The controlled and living nature of polymerizations were verified through kinetic experiment which was monitored by analyzing the reaction mixture with ¹H NMR spectroscopy and GPC. The monomer conversion was calculated via the ¹H NMR spectrum of the reaction mixture according to Eq. 3 and GPC given Mn and PDI of resulted polymer. The semilogarithmic plot of monomer conversion vs. reaction time is shown in Figure 3A. The linear dependence of ln([M]₀/[M]) on time suggested that the polymerization is a well-controlled process.
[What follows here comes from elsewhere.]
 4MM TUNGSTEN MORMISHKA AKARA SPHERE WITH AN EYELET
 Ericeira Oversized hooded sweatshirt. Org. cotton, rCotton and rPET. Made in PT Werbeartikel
The M_ns obtained by GPC is shown in Figure 3B, and the molecular weight of copolymers increased with conversion. Meanwhile, the PDI remained less than 1.2 over the whole reaction, meaning a good control of the final copolymer composition (Hespel et al., 2012). In addition, the number average molecular weights of the copolymers determined by GPC were not in fair agreement with the theoretical values calculated by ¹H NMR (Figure 3B). The lower molecular weights determined by GPC could be explained by a notion that molecular weights determined by GPC using PS standards correspond to PS-equivalent molecular weights (Netopilı́k and Kratochvı́l, 2003). Therefore, it is the hydrodynamic volume disparity between PS and PLMA that leads to the discrepancy between theoretical and experimental M_ns.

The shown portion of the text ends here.